The parameters used in the algorithm are presented in Table 1.

Performance evaluation

The evaluation criteria used to measure the predictive performance of models; recall, accuracy, precision, AUC-ROC, F criteria [37].

  • Precision = TP/(TP + FP)

  • Recall = TP/(TP + FN)

  • F-Measure = (2 × Precision × Recall)/(Precision + Recall)

  • Accuracy = (TN + TP) (TN + FP + TP + FN)

TP: True Positive, FP: False Positive, FN: False Negative, TN: True Negative.


The study presents the findings of the ART simulated data, which consider the distributions of the variant numbers for two different continental groups (European and Non-European) as reported by the 1000 Genomes Project. These findings are summarized below.

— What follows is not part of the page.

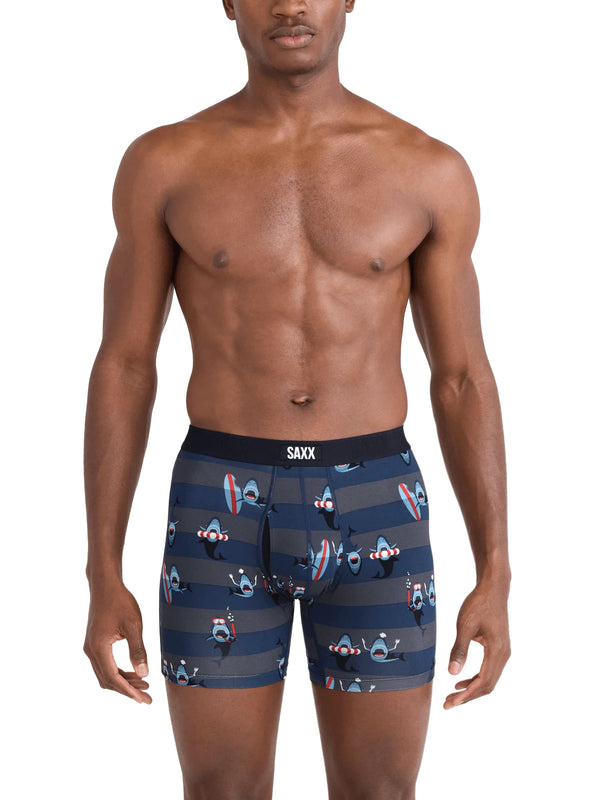 SAXX VIBE XTRA SHARK BOXER BRIEF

When the learning rate was set to 0.01 and the epoch was updated with values of 500, 1000, and 2000 in the deep learning model for the ART simulated data, the mean accuracy values of the models were 0.6319 ± 0.0065, 0.6804 ± 0.0090, and 0.7333 ± 0.0167, respectively. The median accuracy values of the models were 0.6320 [0.6210–0.6430], 0.6800 [0.6650–0.6960], and 0.7340 [0.7060–0.7630], respectively. As the epoch value increased, the average accuracy value of the model also increased (Table 2, Additional file 1: Table S2, and Fig. 7) (Table 2, Additional file 1: Table S2, Fig. S1).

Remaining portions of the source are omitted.